Every year the student residences in U.C.D. skip hundreds of them together with pillows etc. at the end of year term.


----------



## Ash 22 (12 Jul 2008)

What a shame. It would be so fantastic to get them for the animal shelters. Do you have any idea who one could contact about them?


----------



## terrysgirl33 (12 Jul 2008)

Sorted! Thanks for the help Ash!!


----------



## FredBloggs (12 Jul 2008)

Ash 22 said:


> Do you have duvets also?


 

Yes I've duvets.  Hadn't thought of what to do with them before I read this thread.   They are hardly used though.


----------



## Ash 22 (12 Jul 2008)

Thats great FredBloggs. If you give Ann Mc Donnell in Clondalkin a ring also. 087-2212623 she'll be able to help. If you feel they are too good for the animals you could put them up on www.jumbletown.ie and maybe some needy person might be glad to avail of them.   I must say I'm soft when it comes to animals though especially the poor things that have been rescued, they deserve a bit of comfort.


----------



## Colblimp (13 Jul 2008)

What about giving a duvet to the first homeless person you see on the street?


----------



## Ash 22 (13 Jul 2008)

Good idea also.


----------



## Gordanus (15 Jul 2008)

Colblimp said:


> What about giving a duvet to the first homeless person you see on the street?
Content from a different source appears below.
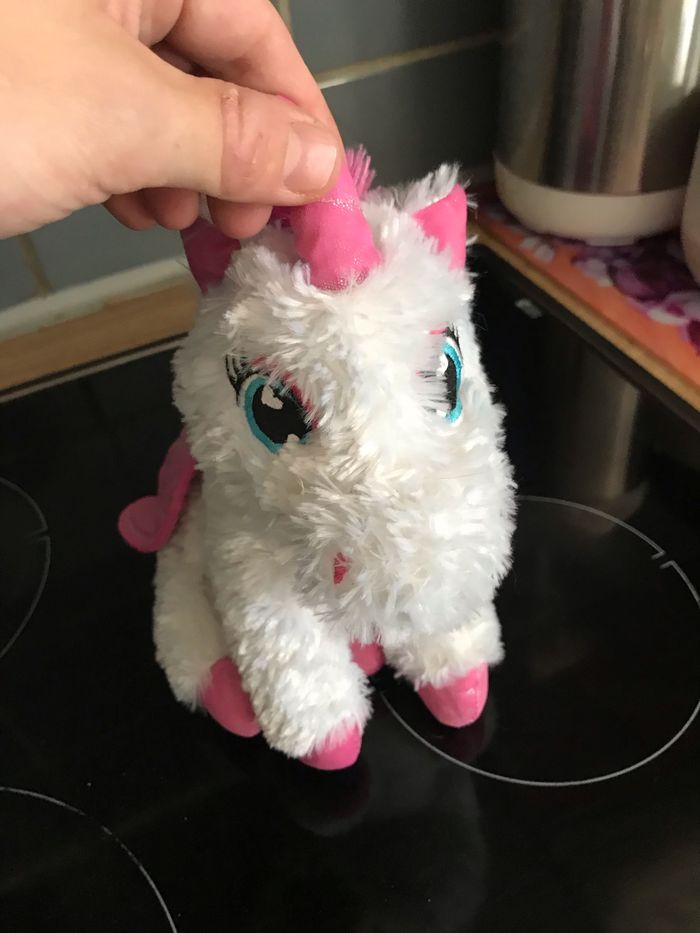 Licorne peluche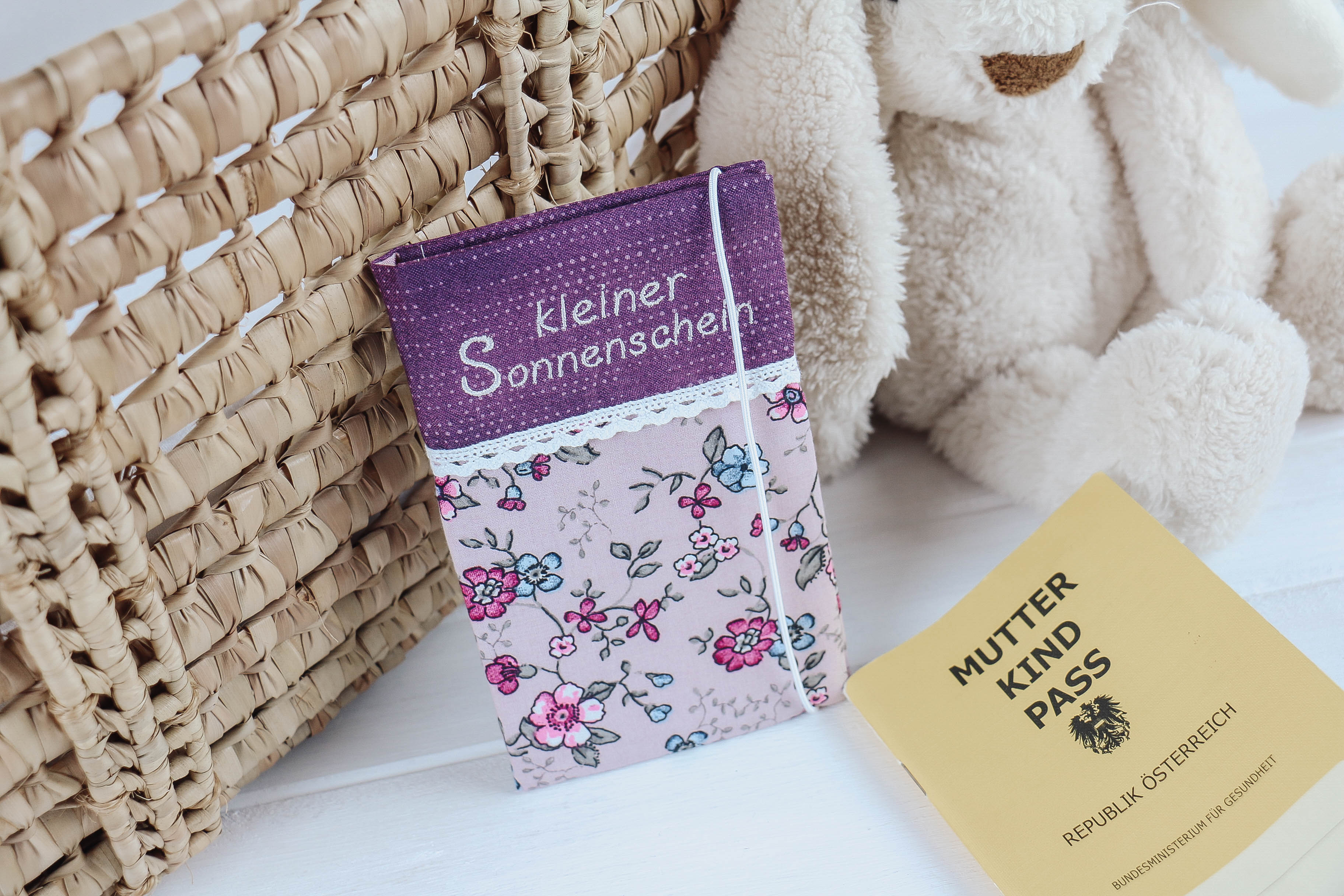 Nischenladen-54 Mutterkindpasshülle Blumen rosa-lila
If you don't mind it being collected by the refuse men when the guy gets up in the morning and leaves it behind. (Used to work in an area of Dublin where homeless people slept in doorways & was always astonished at the way they'd leave the sleeping bags behind.  I think a charity issued them.)


----------



## Ash 22 (15 Jul 2008)

Well in that case maybe the doggie shelters is the best place to send them.


----------



## muffin1973 (26 Mar 2009)

Ash, is that contact number for that lady still current?  I tried the DSPCA in Rathfarnham but they dont' take quilts anymore, gave me the number for the Dog Pound but they're not answering the phone.
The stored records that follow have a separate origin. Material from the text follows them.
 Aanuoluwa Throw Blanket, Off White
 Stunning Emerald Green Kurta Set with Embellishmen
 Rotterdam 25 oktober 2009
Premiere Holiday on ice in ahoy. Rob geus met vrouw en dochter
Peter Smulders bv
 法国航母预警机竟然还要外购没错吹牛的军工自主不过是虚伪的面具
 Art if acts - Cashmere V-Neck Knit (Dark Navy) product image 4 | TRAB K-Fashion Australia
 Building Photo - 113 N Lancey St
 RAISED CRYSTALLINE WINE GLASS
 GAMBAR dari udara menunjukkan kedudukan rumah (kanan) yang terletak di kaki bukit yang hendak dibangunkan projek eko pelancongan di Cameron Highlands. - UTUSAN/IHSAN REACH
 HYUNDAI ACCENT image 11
I'm looking for any animal shelter in South Dublin to donate my old quilt to if they could use it.

thanks

M


----------



## pavlov (1 Jun 2009)

Is there an animal shelter in the city centre or on the northside of Dublin that would appreciate some old duvets?


----------



## extopia (1 Jun 2009)

Gordanus said:


> Used to work in an area of Dublin where homeless people slept in doorways & was always astonished at the way they'd leave the sleeping bags behind.



Well, duh! These guys are homeless. It's not like they can just fold them up and put them in a drawer. Did you offer to mind the duvets for them?


----------



## SlurrySlump (2 Jun 2009)

UCD has skips full of them at the moment as they clean out the student residences. Animal shelters take note.l


----------



## Rois (2 Jun 2009)

Charities that send convoys to places like Chernobyl, Belarus are very keen to get duvets.  My friend is one of the organisers, I can give details if anyone is interested.


----------



## niceoneted (14 Sep 2010)

Dragging up an old post here but I will have a few duvets to dispose of shortly and am wondering what are the updated ideas, places, organisations etc that will take them or will I skip them?


----------



## Ash 22 (14 Sep 2010)

Ash 22 said:


> terrysgirl I've just spoken to a lady called Ann Mc Donnell in Clondalkin and she would be delighted to get the duvets for the rescue dogs. Please give her a call on 087-2212623


 
I presume this lady is still taking them if you give her a ring.


----------